Here’s another understatement: Moxie was well-received. It has a rating just shy of 4.3 on Goodreads, based on over 25,000 votes. Its ratings on Amazon and Barnes and Noble are higher. It earned starred reviews from both Booklist and School Library Journal. There’s also the not-insignificant matter of it being made into a Netflix original film directed by Amy Poehler. And while that film caught some flak, it remains evident that people feel strongly about the book. As the top review on Amazon put it, “This makes me want to smash the patriarchy in the d&*k.”
But as someone who reads a great deal of YA with her 14-year-old, I was surprised by the broad warm welcome Moxie received.
While I couldn’t agree more that now is the time for young people to learn, care about, and recognize examples of sexual harassment, the book makes what I consider to be a grave mistake in how it exaggerates the school’s abusive climate.
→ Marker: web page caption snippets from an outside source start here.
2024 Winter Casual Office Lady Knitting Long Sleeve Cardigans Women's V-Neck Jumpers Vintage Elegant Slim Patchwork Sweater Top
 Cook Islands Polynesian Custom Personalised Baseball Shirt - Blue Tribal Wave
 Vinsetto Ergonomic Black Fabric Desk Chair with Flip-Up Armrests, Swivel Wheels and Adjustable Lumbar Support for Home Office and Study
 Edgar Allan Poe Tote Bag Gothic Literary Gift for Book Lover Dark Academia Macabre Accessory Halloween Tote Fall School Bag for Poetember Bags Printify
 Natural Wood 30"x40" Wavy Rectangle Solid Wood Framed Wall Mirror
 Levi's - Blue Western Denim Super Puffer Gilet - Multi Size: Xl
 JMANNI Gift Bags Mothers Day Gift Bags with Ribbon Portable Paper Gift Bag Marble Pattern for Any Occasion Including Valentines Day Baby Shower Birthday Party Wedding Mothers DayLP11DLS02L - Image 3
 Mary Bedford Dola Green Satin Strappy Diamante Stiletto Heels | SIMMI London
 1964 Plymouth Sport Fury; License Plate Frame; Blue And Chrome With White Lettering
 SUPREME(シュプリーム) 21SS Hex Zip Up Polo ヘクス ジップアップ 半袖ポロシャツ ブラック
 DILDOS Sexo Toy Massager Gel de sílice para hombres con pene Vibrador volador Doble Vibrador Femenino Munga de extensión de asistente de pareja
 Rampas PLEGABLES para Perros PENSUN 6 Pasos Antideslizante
Taking a page from the TV series 13 Reasons Why, Mathieu describes a school in which almost all male students and most of the staff behave like mustache-twirling villains.
Mathieu depicts the school’s boys acting like they’ve invented sexist use of the phrase “Make me a sandwich” (which they say openly to female students during class), wearing offensive t-shirts (a football player wears one that reads, “GREAT LEGS—WHEN DO THEY OPEN?” at a pep rally, in front of the coach, the principal, and presumably numerous other authority figures), and participating in the “bump ’n’ grab” game (bump a girl in the hallway, grope her when she stumbles—sometimes with a side of bra-snapping—and then disappear into the crowd).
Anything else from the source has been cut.